Supplied information -
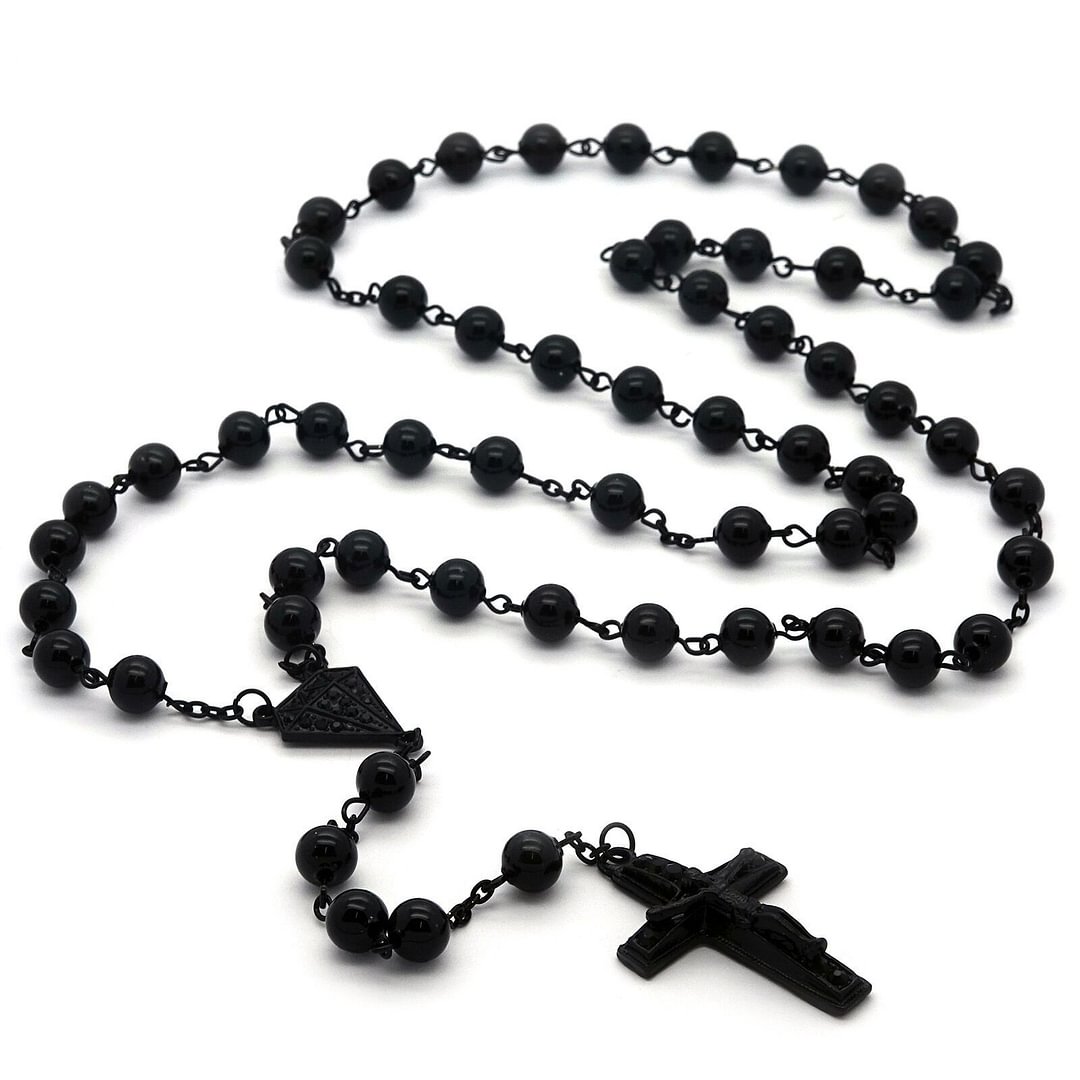 Black Crystal Beads Rosary With D-Shape & Cross Pendants-VESSFUL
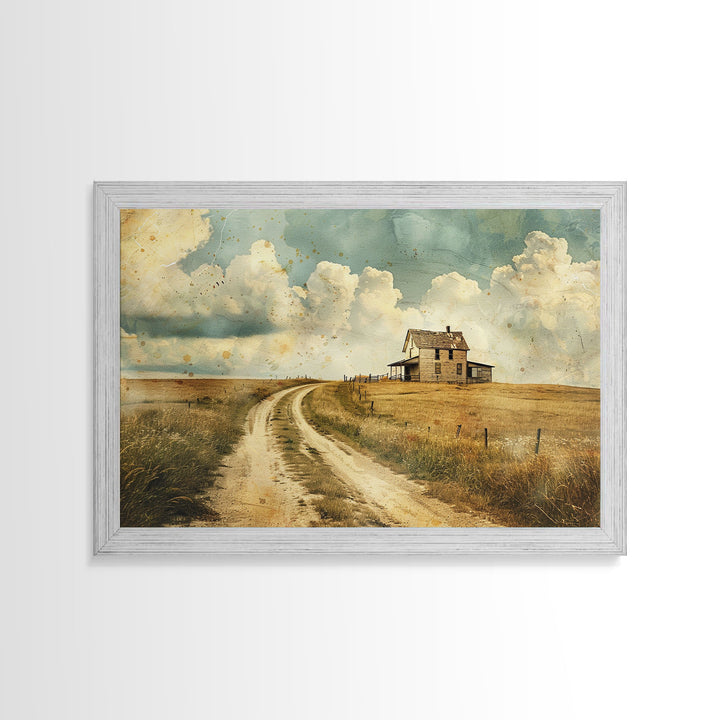 Blue Skies and Country Roads Framed Canvas Print, Country Decor, Cottagecore Wall Art, Wood Frame Art, Metal Art, Original Art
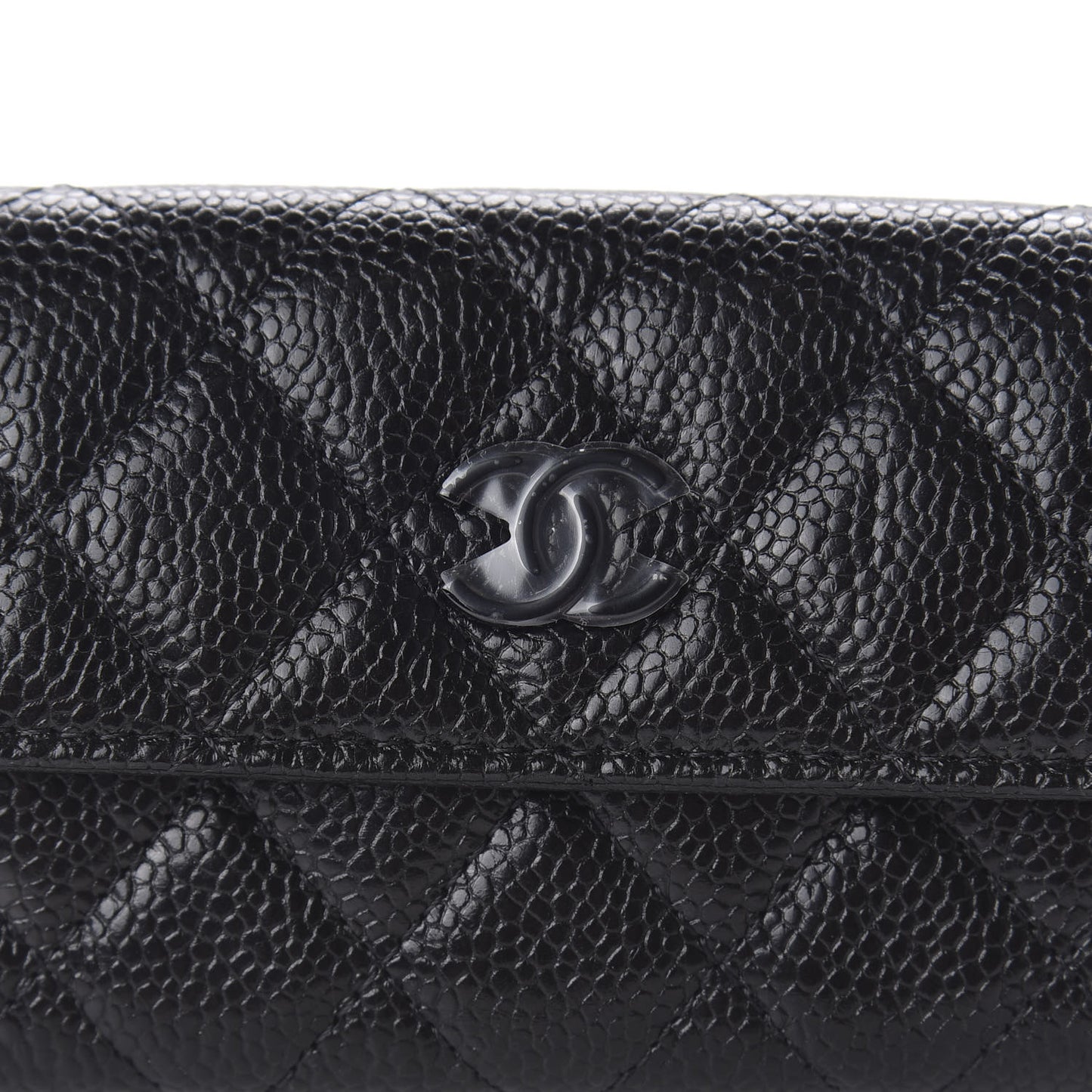 Caviar Quilted Incognito Flap Card Holder Black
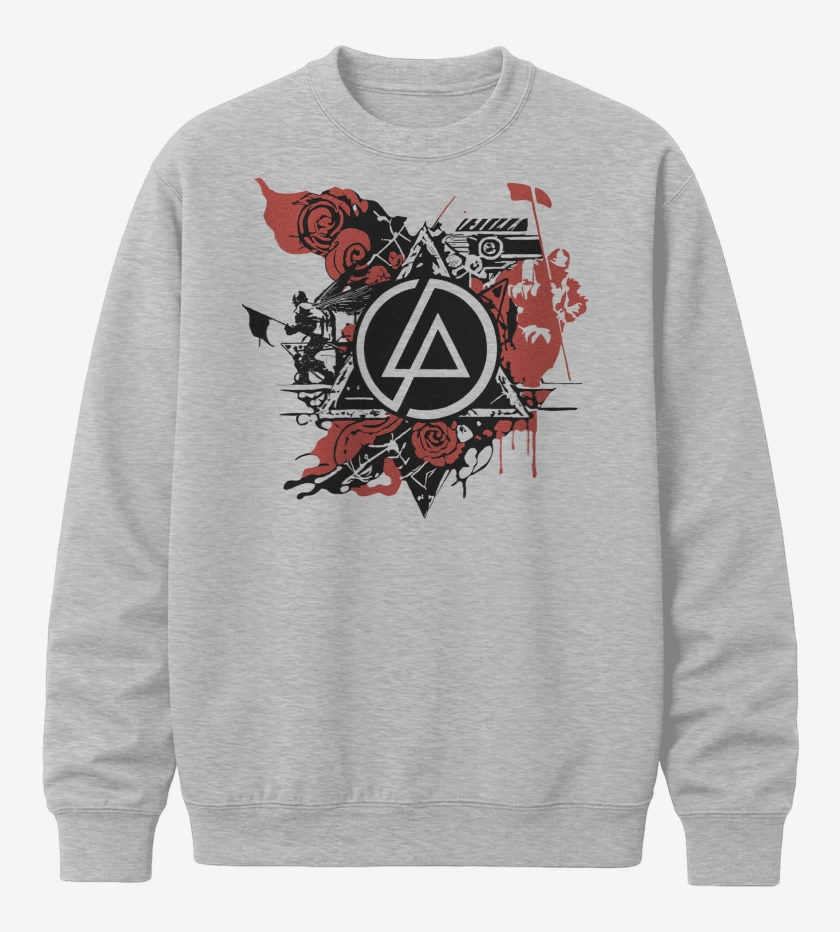 Poleron polo Gris Melange de Linkin Park Logo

Activity -
Write out, exactly and only, the lines from the one containing "Blue Skies and" through the last line of the material above. Pictures do not go in the copy.

Exercise output -
 Blue Skies and Country Roads Framed Canvas Print, Country Decor, Cottagecore Wall Art, Wood Frame Art, Metal Art, Original Art
 Caviar Quilted Incognito Flap Card Holder Black
 Poleron polo Gris Melange de Linkin Park Logo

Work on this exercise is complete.